Hungarian Beef Paprikash

Hungarian Beef Paprikash

Hungarian Beef Paprikash
 
Ingredients
1 1/2 lb boneless beef roast, cut into 1-inch cubes or stewing beef cubes
Salt and freshly ground pepper
1 Tablespoon vegetable oil, plus more, as needed
1 cup onion, diced
1/2 red bell pepper, diced, (optional)
Pinch salt
1/4 cup red wine, to deglaze pan
2 – 3 Tablespoon sweet Hungarian paprika, to taste
1 teaspoon caraway seeds, (optional) crushed with a mortal and pestle
1/2 teaspoon dried marjoram, or 1/4 teaspoon oregano
1/2 teaspoon dried thyme leaves
Pinch cayenne pepper, or hot paprika (optional)
3 cups beef broth, low-sodium, recommended
3 Tablespoons tomato paste
2  cloves garlic, crushed
1/2 teaspoon brown sugar, (optional)
1 bay leaf
To finish:
Salt and freshly ground pepper, to taste
1/4 – 1/3 cup sour cream, at room temperature
 
Instructions
  • Cut beef into 1-inch cubes and season with salt and pepper. Heat oil in a Dutch oven or large, heavy skillet (with a lid) over medium-high heat. Add the beef cubes in 2-3 batches, without over-crowding the pan, and cook until browned on all sides. Remove beef to a bowl. Add a bit more oil between batches and brown remaining beef.
  • Reduce pan heat to medium. Add a bit more oil to the pan, if needed, then add the onion. Cook, stirring, until the onion is softened and starting to colour a bit. Add the wine (or an equal amount of water) and allow to cook until the wine has mostly disappeared, about 2 minutes.
  • Return the beef to the pan, then add the spices, beef broth, tomato paste, garlic and brown sugar. Stir to combine. Bring to a boil. Add a bay leaf to the pot, reduce heat to medium-low, cover the pot with a lid and allow to simmer for 45 minutes.
  • After 45 minutes, remove the lid, stir, then continue simmering for an additional 45-60 minutes, stirring occasionally, until the sauce has thickened and the beef is tender. Watch closely at the end of cooking (as the sauce thickens), so it doesn't reduce too much and scorch. Add a bit of water, if necessary.

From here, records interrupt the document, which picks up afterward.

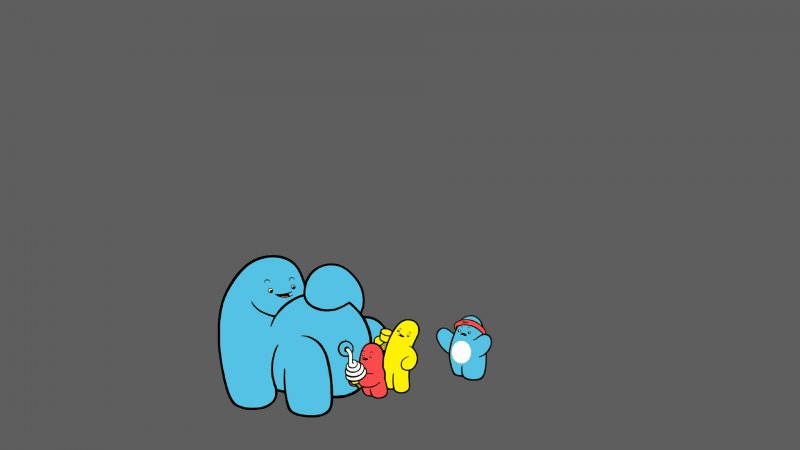 Patterns for the background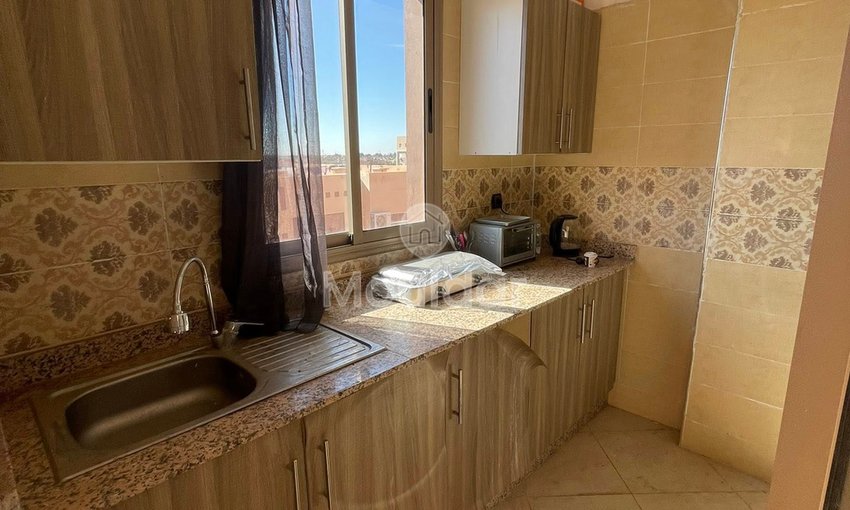 Apartment for rent in Marrakech, Mabrouka - view 13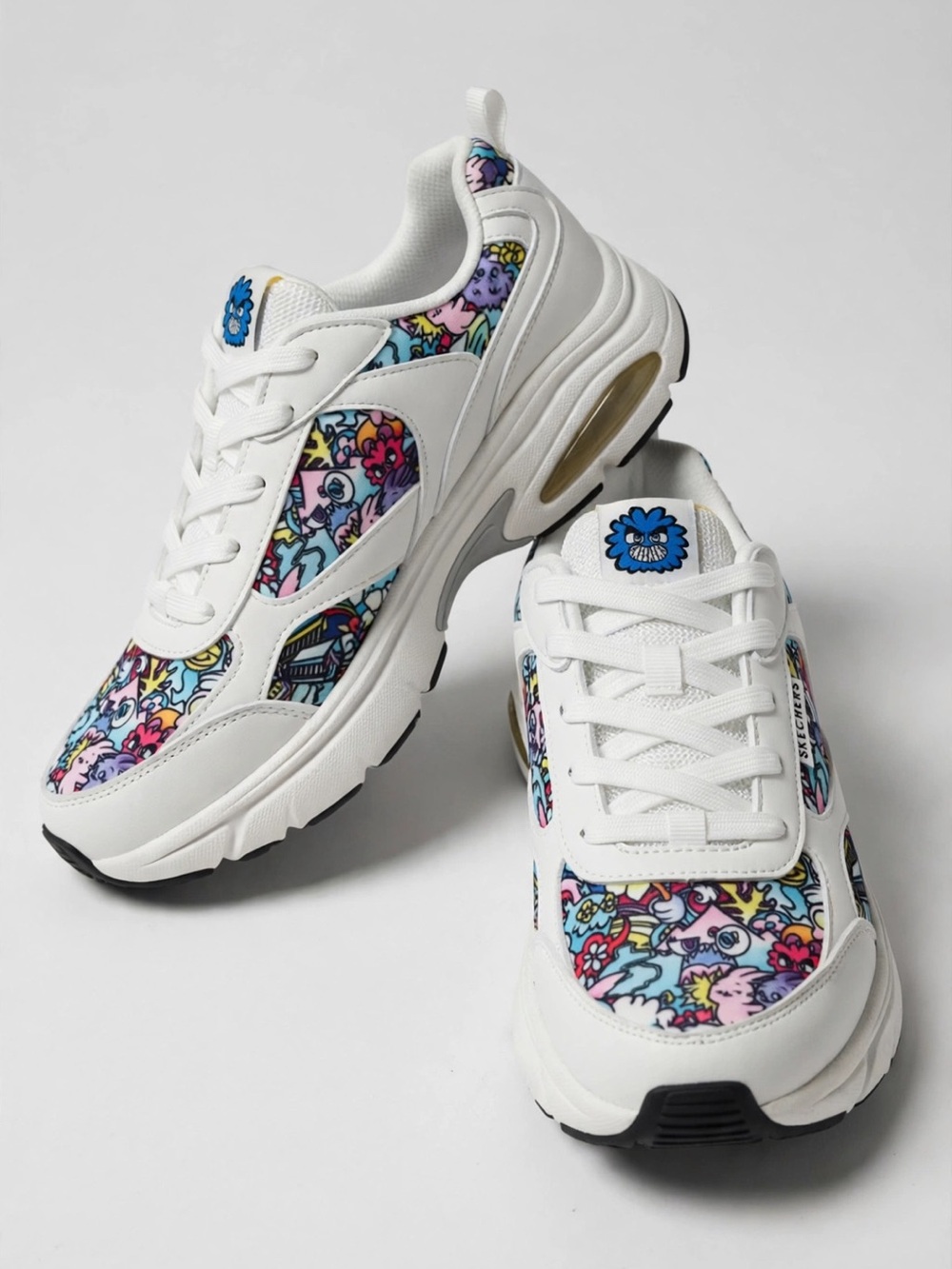 Skechers Street x Vexx: Shadow - Vexx Doodles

  • Remove and discard the bay leaf. Taste sauce and add additional salt and pepper, as needed. Finally, stir in the sour cream and heat just until warmed. Try not to boil the mixture after you have added the sour cream.
  • Serve warm over egg noodles or mashed potatoes. Store left-overs in the fridge up to 3 days or freeze up to 3 months.